Meaning of weight in numpy.bincount [Category variable encoding] (https://qiita.com/ground0state/items/f516b97c7a8641e474c4)

[[Python] Enumeration of list elements, how to use collections.Counter] (https://qiita.com/ellio08/items/259388b511e24625c0d7) [Various ways to check the number of occurrences of an element with Python Counter] (https://www.headboost.jp/python-counter/)

[\ [Python ] function arguments \ * (star) and \ * \ * (double star)] (https://qiita.com/supersaiakujin/items/faee48d35f8d80daa1ac) [Introduction to Functional Programming] (https://postd.cc/an-introduction-to-functional-programming/)
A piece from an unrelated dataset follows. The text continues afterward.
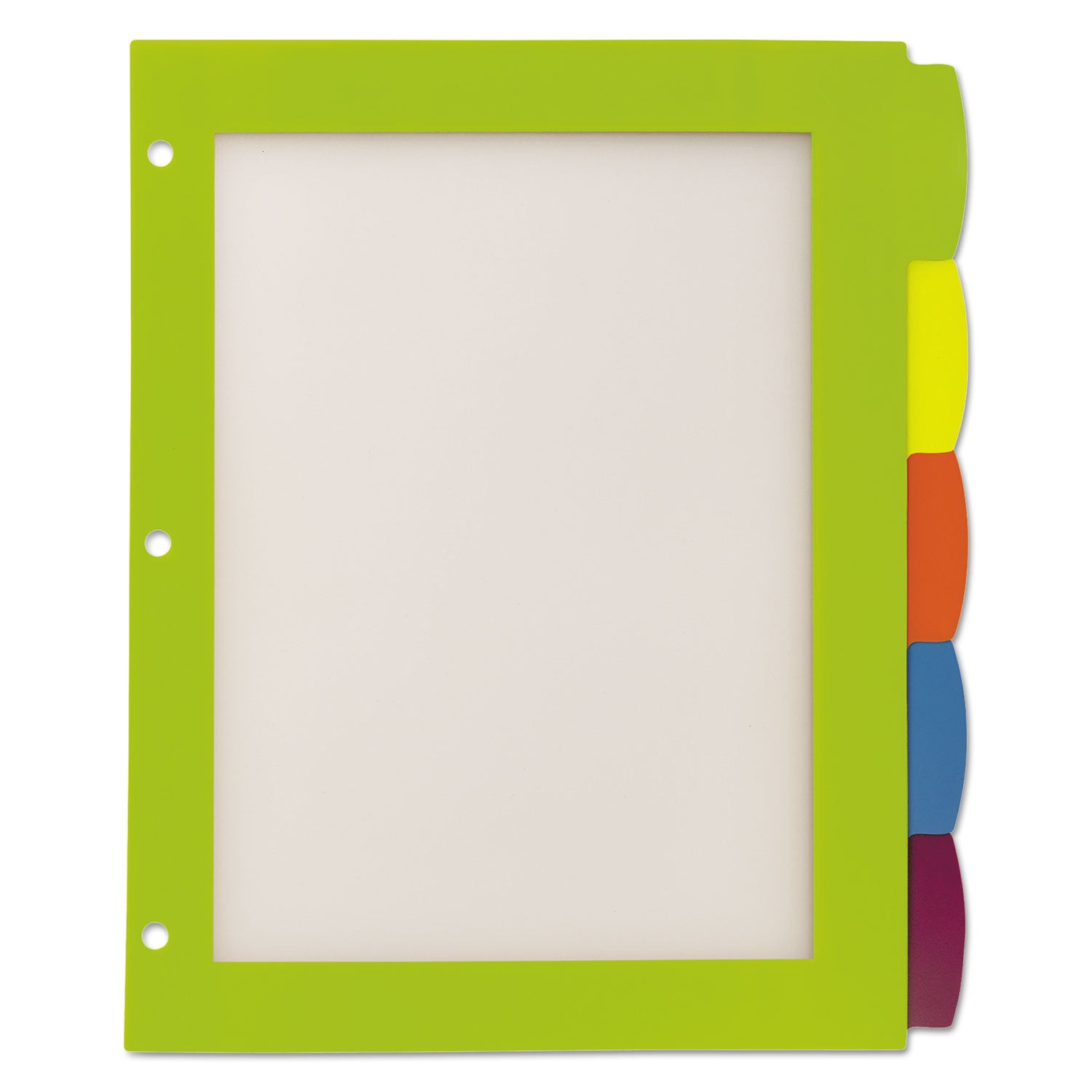 Big Tab Ultralast Plastic Dividers, 5-Tab, 11 x 8.5, Assorted, 1 Set -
[^ 1]: I gave an appropriate concrete example to make it easier to convey, but in reality it was used to aggregate the morphological analysis results of multiple documents. [^ 2]: Execution speed, memory efficiency, etc ... [^ 3]: I couldn't think of anything other than writing a for statement with my own knowledge ... (excluding list comprehensions).